RECOGNIZED AT LAST
So when Fitch Ratings gave the Philippines the latter’s first investment-grade credit rating in March 2013 nearly halfway through the term of former president Benigno S. C. Aquino III (June 30, 2010 to June 30, 2016) — citing the country’s “persistent current account surplus, underpinned by remittance inflows, [that] has led to the emergence of a net external creditor position” and relatively strong economic growth — it was careful to note that “improvements in fiscal management begun under President Arroyo have made general government debt dynamics more resilient to shocks.”
Other debt watchers followed suit, including S&P Global Ratings (May 2013), Moody’s Investors Service (October 2013), Japan Credit Rating Agency Ltd. (May 2013), Japan’s Rating and Investment Information, Inc. (July 2014) and South Korea’s National Information and Credit Evaluation Ratings, Inc. (September 2014).
Former World Bank Group President Robert B. Zoellick had said in September 2011 that the Aquino administration ushered in “extensive reforms in its budget management process, such as enhancing transparency and calling on more civil society participation” as well as measures to improve governance in state enterprises and strengthen the Office of the Ombudsman.
UA&P’s Mr. Villegas cited Mr. Aquino’s “anti- corruption and good governance measures” as his key contribution to the country’s growth promise.
Mr. Aquino had punctuated his inaugural speech with a call for “walang lamangan, walang padrino, at walang magnanakaw (no more unfair advantages, no more patronage politics, no more graft and corruption)” and “walang wang-wang, walang counterflow, walang tong” — in reference to the practice of dignitaries of skirting traffic rules with the help of police escorts as well as enforcers mulcting — and made “matuwid na daan” (the straight path) his battle cry for his administration’s focus on improving governance.
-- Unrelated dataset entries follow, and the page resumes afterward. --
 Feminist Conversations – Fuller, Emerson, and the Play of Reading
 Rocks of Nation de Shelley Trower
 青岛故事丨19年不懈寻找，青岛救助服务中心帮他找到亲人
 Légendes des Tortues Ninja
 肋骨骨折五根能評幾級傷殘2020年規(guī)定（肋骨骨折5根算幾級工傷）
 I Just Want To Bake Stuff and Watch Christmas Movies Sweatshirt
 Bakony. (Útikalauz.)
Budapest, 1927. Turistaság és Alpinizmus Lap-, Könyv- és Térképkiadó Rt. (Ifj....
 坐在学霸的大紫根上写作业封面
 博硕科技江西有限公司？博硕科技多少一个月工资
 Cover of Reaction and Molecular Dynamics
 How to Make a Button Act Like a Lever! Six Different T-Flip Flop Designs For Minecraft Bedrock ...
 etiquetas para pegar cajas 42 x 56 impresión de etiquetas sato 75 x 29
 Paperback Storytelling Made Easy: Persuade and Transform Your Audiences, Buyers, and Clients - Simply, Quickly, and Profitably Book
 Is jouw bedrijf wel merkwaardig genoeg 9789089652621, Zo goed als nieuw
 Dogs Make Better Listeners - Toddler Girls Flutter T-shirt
He made an example of his predecessor, now House Deputy Speaker Gloria M. Arroyo representing Pampanga’s second district, who was jailed in 2012 for alleged diversion of some P366 million in state lottery charity funds between 2008 and 2010 until that case was dismissed by the Supreme Court in July last year.
His administration also saw the impeachment in 2012 of the late Chief Justice Renato S. Corona — a first in Philippine history — for omission of major assets from his statement of assets, liabilities and net worth required of all state officials and employees each year.
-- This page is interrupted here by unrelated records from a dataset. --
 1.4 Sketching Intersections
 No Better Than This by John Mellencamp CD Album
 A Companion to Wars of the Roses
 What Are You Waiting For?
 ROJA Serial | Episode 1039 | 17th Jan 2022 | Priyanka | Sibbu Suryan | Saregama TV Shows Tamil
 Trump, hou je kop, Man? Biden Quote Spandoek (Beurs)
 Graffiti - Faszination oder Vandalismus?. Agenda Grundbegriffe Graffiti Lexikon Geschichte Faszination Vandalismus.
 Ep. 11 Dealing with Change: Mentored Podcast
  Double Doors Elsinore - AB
In raising the Philippines’ credit rating to investment grade, Fitch had noted, among others, that “[ g] overnance reform has been a centerpiece of the Aquino administration’s policy efforts.” Three years later, it wrote in a note after President Rodrigo R. Duterte handily won the May 2016 presidential race that “sovereign ratings assessment will continue to focus on the sustainability of economic growth and improvements in governance.”
Saying its May 2016 affirmation of the Philippines’ “BBB-” investment grade “reflected economic growth and fiscal and external finances and improved governance under President Benigno Aquino III,” Fitch said: “Governance standards and competitiveness indicators as measured by international organizations, showed steady improvement through the Aquino administration.”
The country improved its ranking in governance-related indicators among economies tracked by the World Economic Forum’s annual The Global Competitiveness Report in the Aquino years:
• 86th out of 138 economies in the 2016-2017 report from 123rd out of 139 economies in the 20102011 report in terms of “transparency of government policy making,”
• 94th/ 138 from 131st/139 in “favoritism in decisions of government officials,”
• 99th/ 138 from 134th/ 139 in “public trust in politicians,”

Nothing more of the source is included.